La penisola della Crimea scende da nord nelle acque del mare ed attraverso lo Stretto di Kerc collega il mar Nero al più piccolo mar d’Azov. Una caratteristica saliente ed insolita di questo mare é data dalla presenza di ossigeno disciolto solo nei livelli superficiali delle acque. Ad una profondità superiore ai 150 metri la vita marina scompare e solo alcuni batteri sopravvivono.
Ma un’altra peculiarità di questo mare interno riguarda proprio il flusso delle correnti marine, collegate al corpo centrale del mar Mediterraneo. Sul mar Nero, causa l’apporto di acque dolci da grandi fiumi e bacini fluviali, come il Danubio o il Don, e della scarsa evaporazione, la salinità non arriva a superare neppure il 15-16%. Si tratta pertanto di un bacino poco salato.
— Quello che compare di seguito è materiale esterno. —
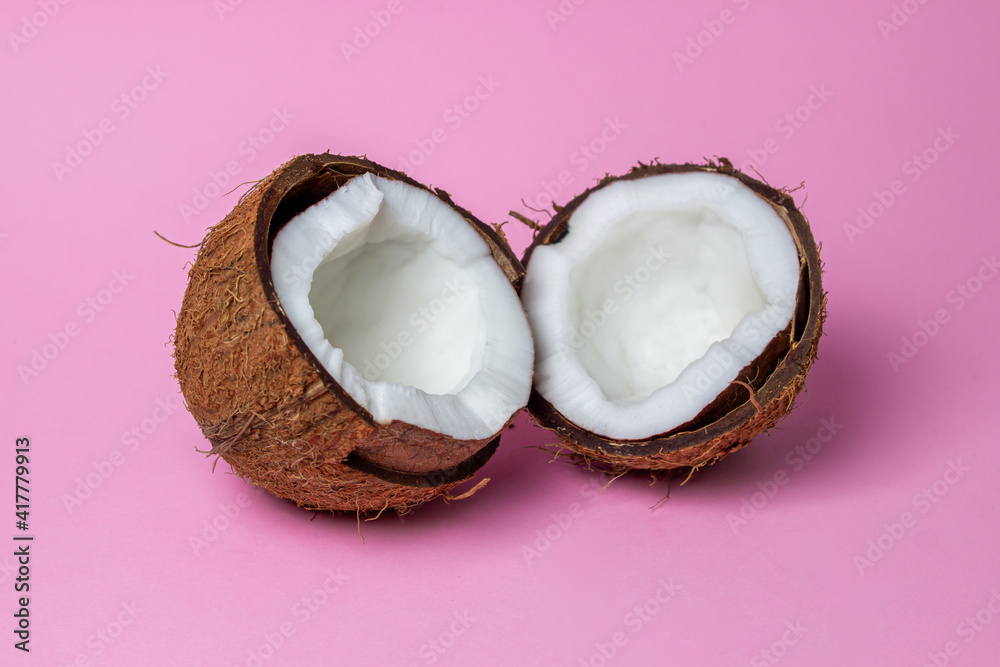 Isolated coconut on a pink background. The two halves of the coconut are in the center of the image. Healthy fruit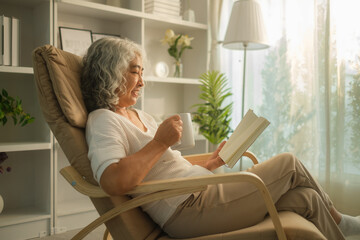 Relaxed senior woman drinking hot tea and reading book on armchair in cozy living room.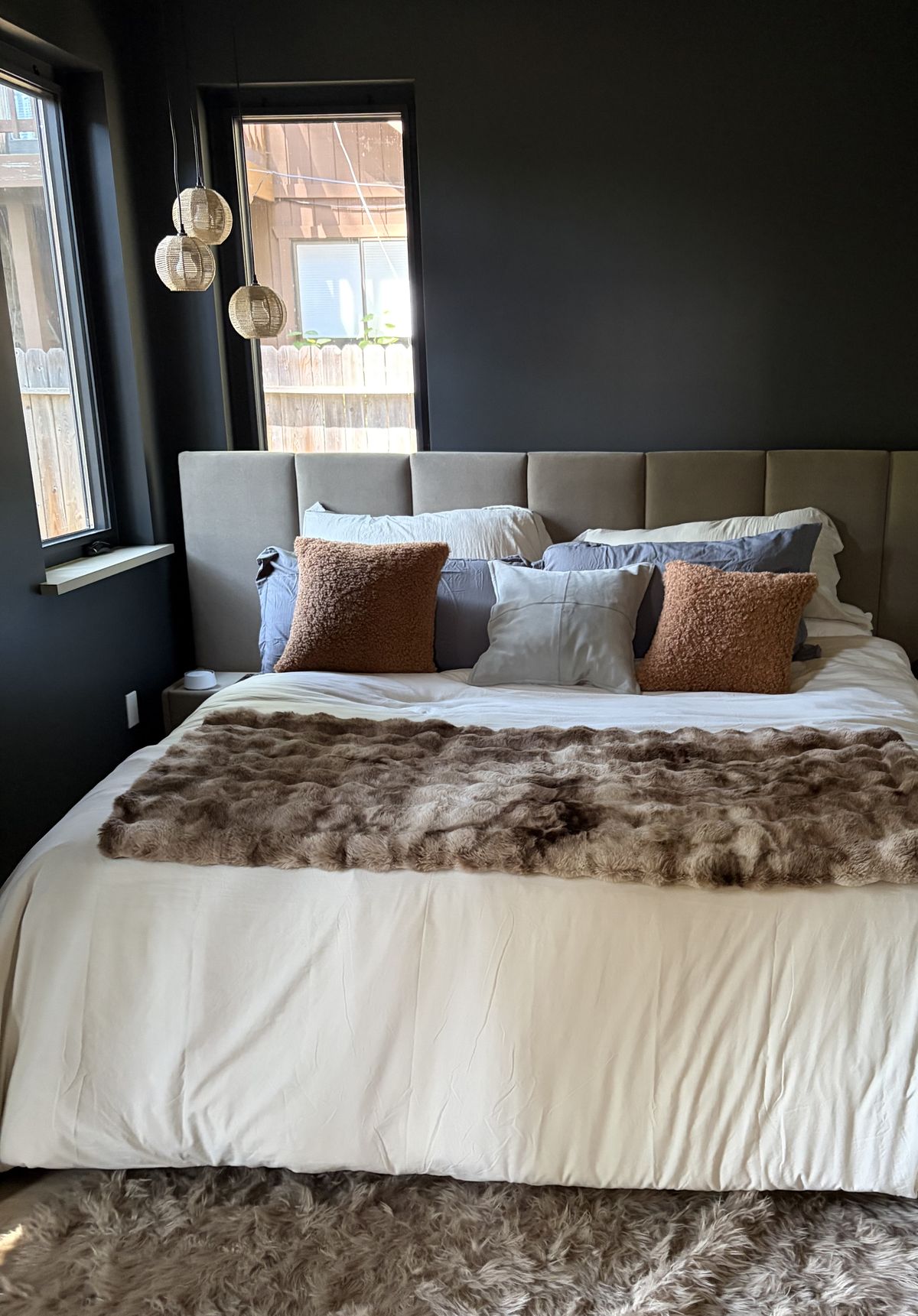 Downstairs master bedroom with a king bed and dark walls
Con il vicino Mediterraneo, la cui salinità raggiunge picchi davvero elevatissimi, si viene a creare un forte squilibrio di salinità e densità che tende ad essere colmato con la formazione di una corrente marina superficiale che trasporta le acque più leggere e meno salate dal mar Nero verso il mare Egeo, attraverso il Bosforo e lo Stretto dei Dardanelli, dove s’innescano forti correnti di marea che generano anche un bel ricambio d’acqua, perfettamente equilibrato fra i due bacini. In profondità invece si forma un’altra corrente, in profondità, che spinge le acque più salate e dense verso il mar Nero.
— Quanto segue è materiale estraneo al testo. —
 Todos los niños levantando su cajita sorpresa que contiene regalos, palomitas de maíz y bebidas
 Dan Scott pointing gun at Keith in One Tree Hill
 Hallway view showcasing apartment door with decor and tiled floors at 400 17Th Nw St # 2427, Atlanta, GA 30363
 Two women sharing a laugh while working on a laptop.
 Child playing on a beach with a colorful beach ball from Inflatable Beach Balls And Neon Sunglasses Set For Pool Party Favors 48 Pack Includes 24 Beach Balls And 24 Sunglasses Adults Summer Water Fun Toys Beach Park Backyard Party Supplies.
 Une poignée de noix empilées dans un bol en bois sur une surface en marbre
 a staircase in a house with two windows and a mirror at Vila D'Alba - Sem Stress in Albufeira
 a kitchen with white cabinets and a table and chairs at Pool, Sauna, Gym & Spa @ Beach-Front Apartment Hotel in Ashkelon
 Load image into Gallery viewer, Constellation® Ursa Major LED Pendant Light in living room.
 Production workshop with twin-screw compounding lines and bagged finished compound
Il mar Nero, pur essendo un bacino molto ristretto, interamente circondato dalle terre emerse, in determinate condizioni meteorologiche può divenire potenziale sede di violente tempeste, capaci di mettere in difficoltà anche le navi di media e grande stazza, abituate a solcare i grandi oceani. Gli stessi inglesi, statunitensi e francesi, abituati a scambiare il Mediterraneo e il mar Nero per dei grandi laghi, molto spesso, sottovalutando la pericolosità di questi mari interni, loro malgrado si sono imbattuti in tempeste micidiali, che hanno decimato intere flotte, cagionando un ingente numero di morti e dispersi fra gli equipaggi.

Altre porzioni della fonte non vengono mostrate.